Comment by danielmarkbruce
13 hours ago
You keep talking in circles around a definition of valid.
You are just wrong on this. You want to seem sophisticated and understanding, and it's just lazy stupid thinking.
13 hours ago
You keep talking in circles around a definition of valid.
You are just wrong on this. You want to seem sophisticated and understanding, and it's just lazy stupid thinking.
> You keep talking in circles around a definition of valid.
We could decide on a similar word to use if you prefer. Perhaps "acceptable" from a sibling comment. Replace "valid" with "acceptable" and "validation" with "acceptance" in all of my comments and the meaning is still true; that seems to suggest I've been consistent with my use of "valid".
> You are just wrong on this.
What you mean is that we are of different minds. You try to make yours the objective one in spite of the glaringly obvious fact that opinions are not necessarily shared between differing minds.
> You want to seem sophisticated and understanding
Genuinely, what a compliment!
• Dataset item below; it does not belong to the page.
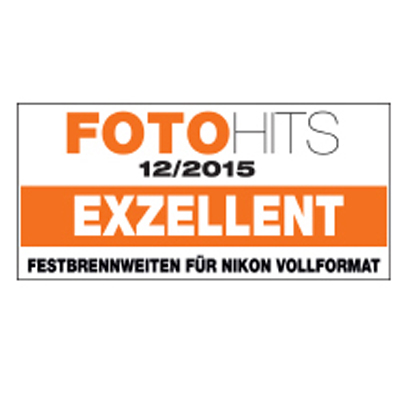 Award badge from FOTOHITS 12/2015 rating ZEISS prime lenses for Nikon full-frame as "EXZELLENT".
I was just writing about my perspective. My goal with the writing was primarily to espouse my understanding of this subject while secondarily avoiding "you" statements in my comments. If you think the result sounds sophisticated and understanding, I am more than willing to believe you. If you don't think that, well, you might want to consider where those words came from because I sure noticed. (It might also help to consider that you have no means of discovering my motivation; you must have made an assumption and expressed said assumption using your own words.)
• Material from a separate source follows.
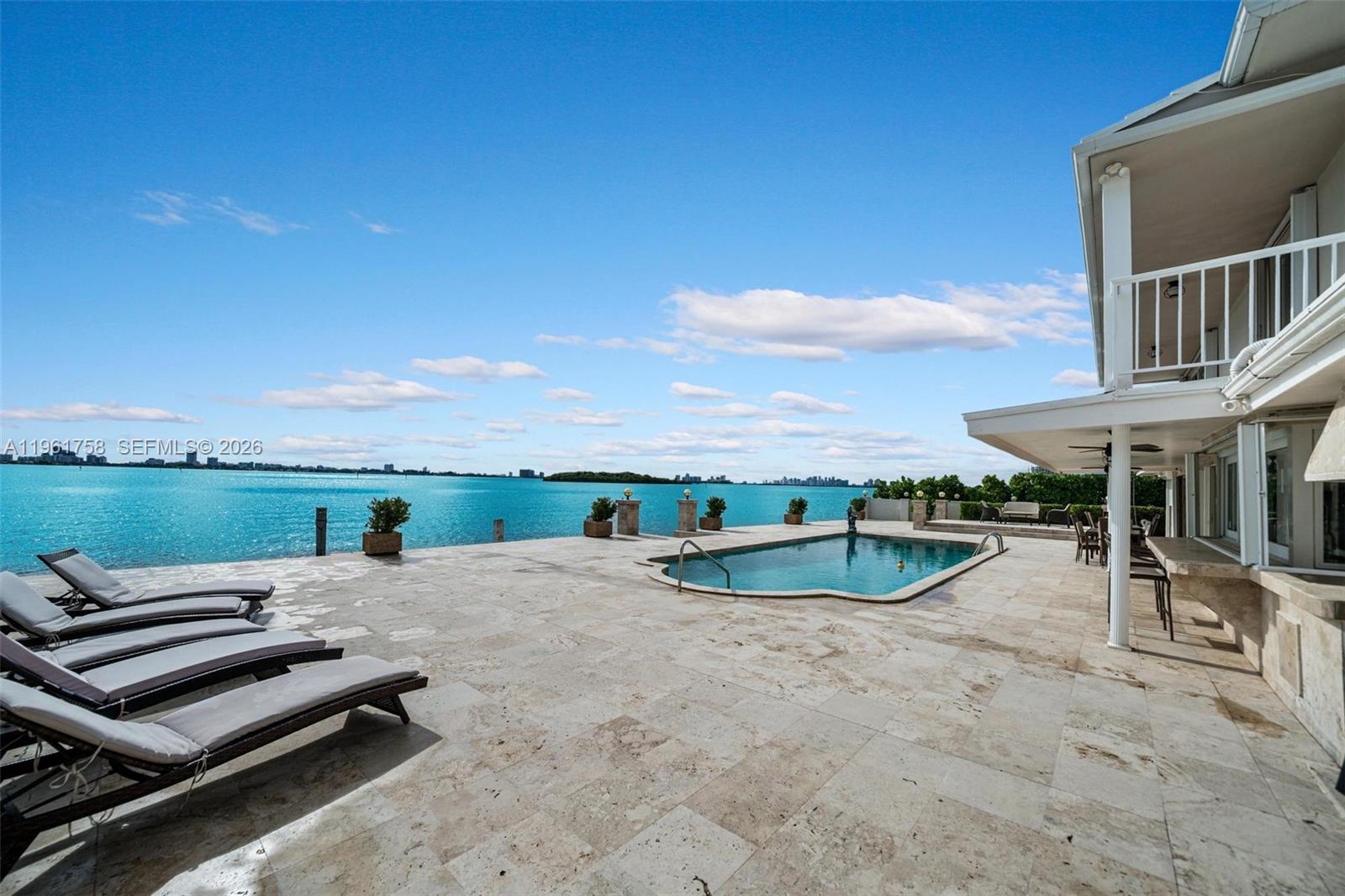   /   кв.футов $ 2026-02-09 0 Фото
The fact of the matter is that I spent the first three decades or so of my life being extremely emotionally unstable until I (at least somewhat) learned to manage that. I suspect this "sophisticated and understanding" sense you get from my writing on this topic comes from the care with which I write about a subject so dear to me.
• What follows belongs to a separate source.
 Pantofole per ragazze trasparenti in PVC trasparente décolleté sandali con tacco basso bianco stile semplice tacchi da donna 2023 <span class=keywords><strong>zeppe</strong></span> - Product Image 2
I think their definition of valid is consistently aligning with the meaning of "acknowledging and accepting someone's internal experience".
As soon as you start trying to apply normative judgements to someone's feelings, as opposed to their behaviour, you inevitably end up drawing an arbitrary and cutlurally informed line between what you or socirty think is okay and what's not. It's only a problem if I feel excited by someone else's pain if my consequent behaviour actually leads to the other person suffering. I have no direct control over my emotions, but I can control my reaction to them. You just telling me it's wrong to feel excited is futile and potentially counter-productive.